Di fronte a tutto questo lo stupore degli ispettori europei dell’Olaf quando hanno scoperto che al Ciapi l’Unione Europea aveva mandato 15 milioni di euro per avviare al lavoro 18 ragazzi (quasi un milione di euro a ragazzo) dei quali si conosceva solo il nome, è nulla. Siamo di fronte ad una concezione della cassa pubblica come portafoglio privato. L’ufficio di collocamento è stato sostituito con una segreteria politica che smistava le assunzioni, tenendo conto, persino degli invalidi civili e delle categorie svantaggiate. Il tutto ovviamente senza graduatorie, concorsi, bandi. Ma la differenza tra il collocamento pubblico e la segreteria politica non è una quisquilia, perché il conto lo paghi alla cassa e la cassiera non è una signorina sorridente, ma l’urna elettorale. In Sicilia si utilizzava il denaro pubblico come se fosse il proprio conto in banca, peraltro con rischio d’impresa pari a zero perché i soldi non erano i loro. Il problema è anche l’assoluta mancanza di produttività di tutto questo. Riempire gli Enti di finti docenti finti impiegati finti corsisti finti fornitori finte sedi crea un’illusione di “lavoro” che quando il sipario cala lascia il deserto.

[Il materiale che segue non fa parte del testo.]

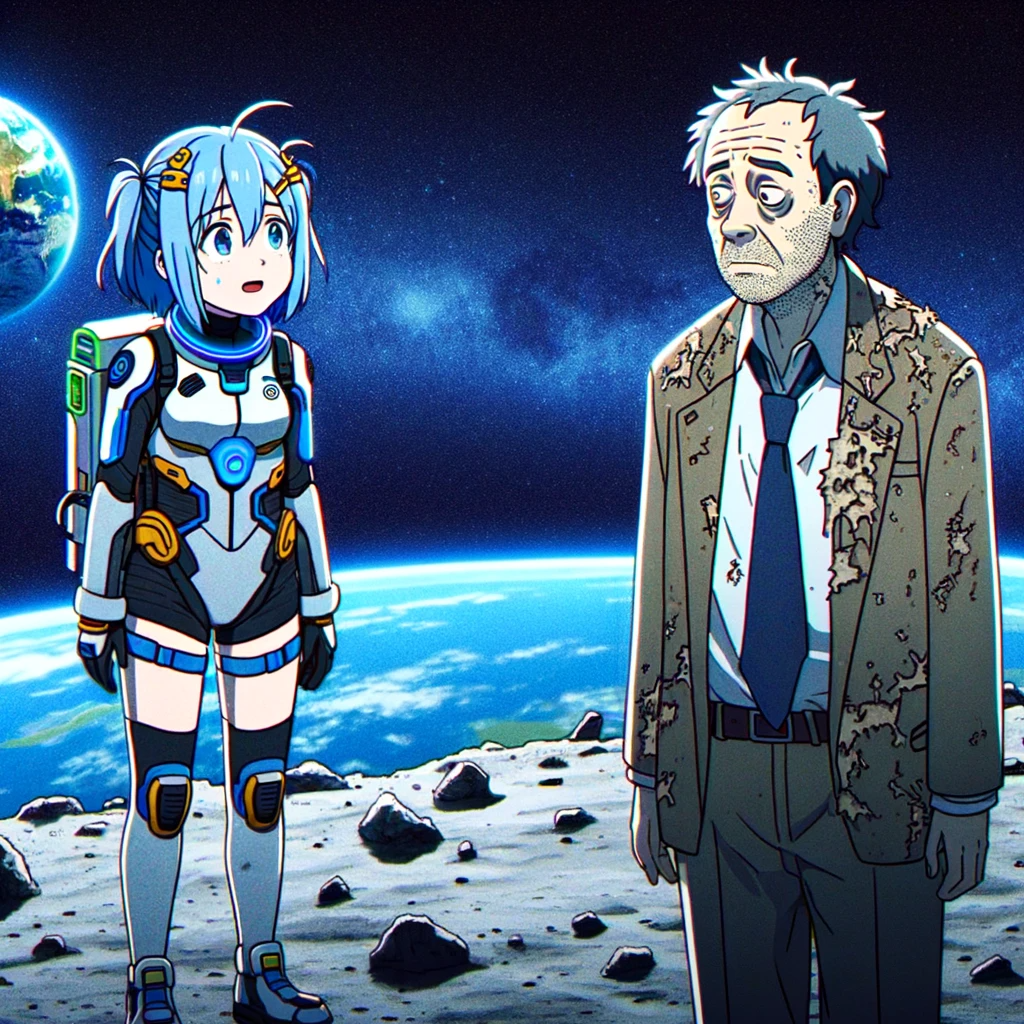 Two anime-style characters standing on the moon with Earth in the background. The first character is a young girl resembling a 15-year-old Japanese girl with blue hair and a futuristic two-tone plug suit. She looks curiously at the second character, an older man who appears disheveled and confused.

Questa inchiesta ti lascia un profondo senso di tristezza. Se ami la tua città, la tua gente, devi piantare un seme e poi vederlo crescere. Lo innaffi, lo curi. Se invece passi con una ruspa senza lasciare neanche un filo d’erba non resterà più niente. Da questa formazione non nascono fiori né frutti, se non per chi ha trasformato gli enti nel bancomat personale. C’è un episodio nelle intercettazioni in cui uno degli arrestati racconta come è avvenuta l’assunzione di decine di persone per l’Enfap: “ Allora prima fanno la riunione da soli e noi eravamo tutti lì come scolaretti e poi ci chiamano uno per uno, come scolaretti”. Nel leggerla avverti quel senso di umiliazione che proviene da un diritto trasformato in elemosina. Non è questo che chiediamo alla politica.

Poi il pensiero torna a lunedì 17 marzo. I 16 della Birra Messina non hanno chiesto uno stipendio, assistenzialismo. Hanno chiesto le opportunità per poter poi crearsi il proprio stipendio. Non si sono inventati un corso di formazione per “il bravo birraio”, docenze sull’uso del malto a fini terapeutici o sulla matematica applicata alla birra scura. I 16 del Birrificio Messina non hanno studiato come ingannare l’Unione europea, hanno pensato, guarda un po’, anche ai loro figli, che magari un giorno potranno investire, ampliare la produzione, far girare la birra nel mondo. O semplicemente essere orgogliosi dei loro papà che a 50 anni si sono rimessi in gioco. La loro storia commuove perché è una piccola perla rara in un mare scuro in cui il lavoro ha perso ogni valore, ha perso ogni dignità. E poi, diciamolo, la birra mette allegria e dopo un po’ ti torna il sorriso e la voglia di sognare.